RUDN University Soil Scientist: Deforestation Affects the Bacterial Composition of the Soil

RUDN University Soil Scientist: Deforestation Affects the Bacterial Composition of the Soil

A soil scientist from RUDN University studied the effect of forest conversion on the properties of the soil: its acidity, carbon and nitrogen resources, bacterial composition, and the activity of microorganisms. The study can help improve the methods of soil cultivation after deforestation, namely, select the best fertilizers, prevent erosion, slow down nutrient depletion, and balance the composition of the bacterial community.

The demand for crop farming products grows constantly, and to satisfy it, more and more forests are converted into plantations. In these converted areas sustainable and diverse ecosystems are replaced with monocultures (crop species). Such changes in land utilization affect both the chemical content of the soil and its biological composition, that is, the structure of its microbial community. Until recently, studies had focused on either the former or the latter aspect of this process. A soil scientist from RUDN University was the first to conduct a comprehensive study and to find out how deforestation and changes in chemical factors caused by it affect the bacterial composition of the soil.

“The diversity of soil microorganisms doesn’t necessarily reduce as a result of forest conversion. However, bacterial communities undergo massive transformations. The bacteria that used to dominate in forest soils can almost disappear after deforestation and planting of crops. The key factors in this process are soil acidity and carbon and nitrogen resources,” says Yakov Kuzyakov, PhD in Biology, and the Head of the Center for Mathematical Modeling and Design of Sustainable Ecosystems at RUDN University.

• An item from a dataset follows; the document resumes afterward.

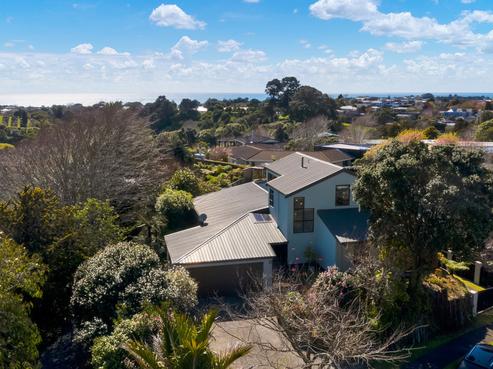 4 Sequoia Grove, Merrilands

His team compared soil samples taken from a forest and four plantations in Hunan Province in South-Eastern China. Five years before that the whole territory had been covered with a pristine forest. The scientists measured the acidity of the soil, as well as the levels of carbon and nitrogen in it. All these indicators are associated both with soil fertility and bacterial activity. Microorganisms play a role in the circulation of soil carbon and also ‘fix’ nitrogen, making it accessible for plants. It turned out that soil acidity reduces after deforestation, and the levels of organic nitrogen and carbon drop by 83%. According to the team, this may be due to the reduction of vegetative cover and soil erosion. However, to the team’s surprise, bacterial diversity in plantation soils turned out to be 6.8% higher than in forest soils.

The scientists believe this might be due to the fertilization of plantations. Fertilizers contain a lot of nutrients, thus increasing microbial diversity. Moreover, cultivated soil is enriched in carbon and other substances that also support intensive bacterial growth. Reduced acidity might be another factor to promote microbial and especially bacterial diversity. Different bacteria turned out to dominate in forest and plantation soils. For example, deforestation created perfect conditions for photosynthesizing bacteria. They transform sunlight into energy, which is a much more difficult task in shady forests.

“We found out that changes in the bacterial composition of the soil are mainly due to soil acidity and the levels of organic carbon and nitrogen. Therefore, efficient soil management methods should be developed for monoculture plantations to improve fertilization, prevent soil erosion, slow down the depletion of nutrients, and support microbial activity after deforestation,” added Yakov Kuzyakov.

The results of the study were published in the Forest Ecology and Management journal.